If we assume the China numbers are constant at 6 million, WoW went from 6 million genuine subscribers in 2010 to 4 million today, which is a million a year loss, and 1/3 drop in actual subscribers.

The clients in China use an entirely different pay model than the clients in the the rest of the world. Mushing two different sets of clients into one number is misleading and dishonest.

That's why I complain about it. Also a wee bit of an axe to grind maybe, but really I have an axe to grind with the whole genre.
Welcome to politics, Tobold.

Okay, smart assed remark aside, I guess that's just part of the blogging life these days. It's much easier to pick and choose what you read, only seeing what you want to see, rather than what it is.

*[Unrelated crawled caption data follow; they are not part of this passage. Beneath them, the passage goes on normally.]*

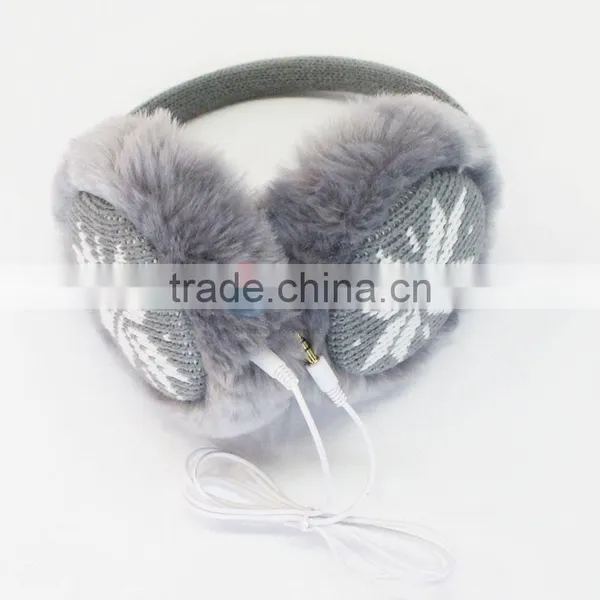 Creative Mobile Knitted Gray Earmuff With Speaker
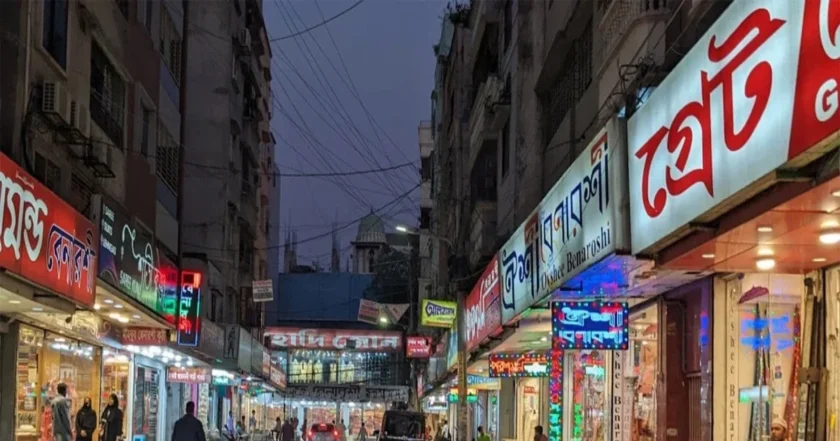 দুর্গাপূজায় শপিংমল ও দোকানপাট খোলা থাকবে রাত ১০টা পর্যন্ত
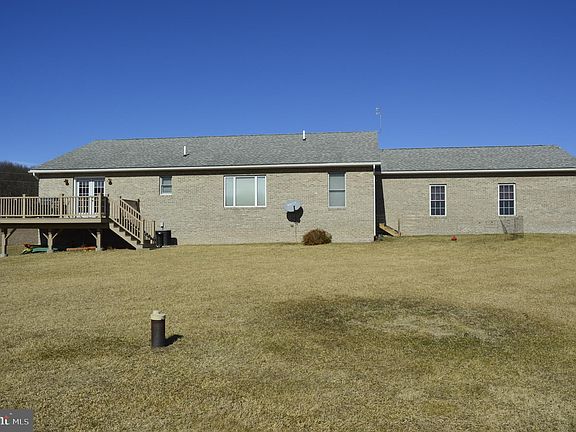 5th image of 246 N Gordon Ln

Of course, you could also make an argument that everything is determined by what we see and how we interpret it, versus the independently variable data. The internet just allows people to filter those interpretations more effectively.

Confirmation bias tends to revolve around not looking for a way your own prefered hypothesis (or as it seems at the time, truth) could be wrong by some measure or metric.

So, is it always a lover or hater poster?

Sounds confirming.
"Wizard's First Rule":
they (people) will believe a lie because they want to believe it's true, or because they are afraid it might be true.
I would take a leaf off of Christopher's page to answer your question: the point of arguing is to learn more about oneself. Just like you explain in the opening of your article, people tend to bend facts to suit them, so trying to use facts to sway opinions is bound to be really tough. I think that's why it's so popular to resort to swords and stuff instead.

And in my experience, "liberal" in the US means "communist". ;)
Writing about WoW during the GW2 prerelease orgasmafest and expecting reasoned discussion was just bad timing.

You started a conversation that was a disconnect with the current mood and you got unpleasant comments. You kind of have to take a little responsibility for putting yourself in that position. Like accidentally walking into the women's bathroom and getting mad at them for freaking out.

And maybe you're just confusing "opinion" and "mood".
It's unfortunate that liberal has become associated with any particular position or platform, as the style of thought it originally described is applicable to any conflict of ideas. Most often, being open to the perspective of your opponent serves to strengthen your understanding of your own position, as countering their arguments may require thinking in new or different ways about your own. Using overheated rhetoric and personal attacks (American politics, I'm looking at you) may win votes but it doesn't inform the public or challenge weak ideas. Both parties' own platforms would improve if they risked direct engagement with real plans for solving problems, but they exchange the possible perception of weakness for the certain perception of an abandonment of reason. This comment has wandered far afield, but it is applicable to the "wow is thriving/wow is dying" argument - state facts as facts, conclusions as theories, and your own position as just that: your own. It's far better to present a fully supported theory instead of a partially supported claim to fact.
WoW, despite not being the latest game to come out, is still an ongoing game, so talking about it is not "bad timing" and never has been. There is nothing bad to take responsibility for. Nor is it remotely similar to going into the wrong bathroom, not unless the blogosphere had a clearly-marked sign that said "Guild Wars only", which I somehow never found.